One morning last week, part of the conversation went something like this:
“Preacher, what do you think about all of these poor refugees?”
“It’s absolutely heartbreaking,” I responded.
“And what do you think about all of these state governors saying that they are not allowed in their states?” asked another.
Before I could answer, another spoke up and said: “I can’t see Jesus turning away any of these refugees.”
Another said: “Yes, it may be risky. But Jesus did ask us to carry a cross, didn’t he?”
Someone added: “And he said that when we welcome the stranger, we welcome him.”
I tried to get a word in edgewise, but quickly realized that, this time, it was best for the preacher to sit back and just listen.
“Love your neighbor as yourself,” one said.
“Do unto others as you would have it done unto you,” said another.
“And all of these people are saying that we don’t have room for them. I got nine rooms in my house, and I only use three: the bathroom, the kitchen and the den. I fall asleep most nights in my recliner!”
“I got a whole upstairs with three bedrooms and a bath that I have not seen for years!”
“And these people would probably gladly live in our garages, even without heat!”
“And these young people are saying that we don’t have enough here in this country for them. They don’t know what it is like to live in this country when we really did not have anything. When I was growing up, we really did not have enough!”
“And if we turn our backs on these people, don’t you think it is only going to make people in this world hate us more than they already do.”

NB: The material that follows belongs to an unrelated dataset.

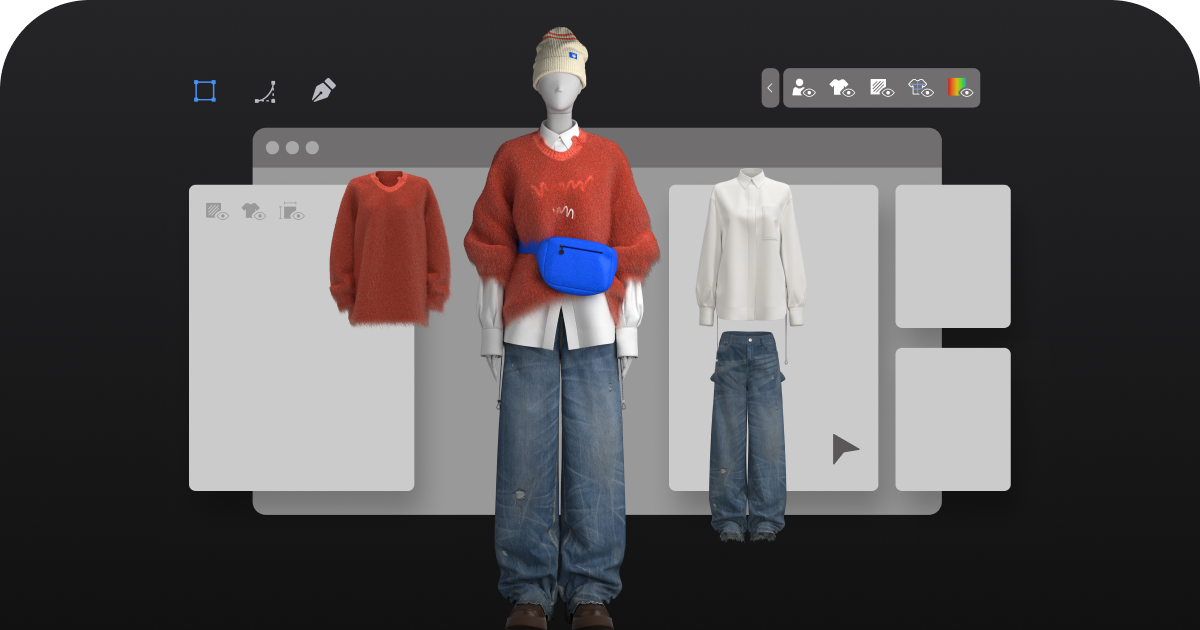 AI in Fashion: How Artificial Intelligence is Redefining Style and Efficiency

“We can’t let fear cause us to hate.”
Someone then changed the subject asking, “Preacher, have you seen John lately? He was in bad shape the last time we saw him. He could barely walk.”
“I thought he was going to fall the last time he came in here,” another said.
I said, “I will go by and check on him.”
Several responded at the same time: “Yes, we all need to do that.”
I then told them that I needed to go to the office. As I walked out the door, I thought to myself: “No wonder people call them “the greatest generation.”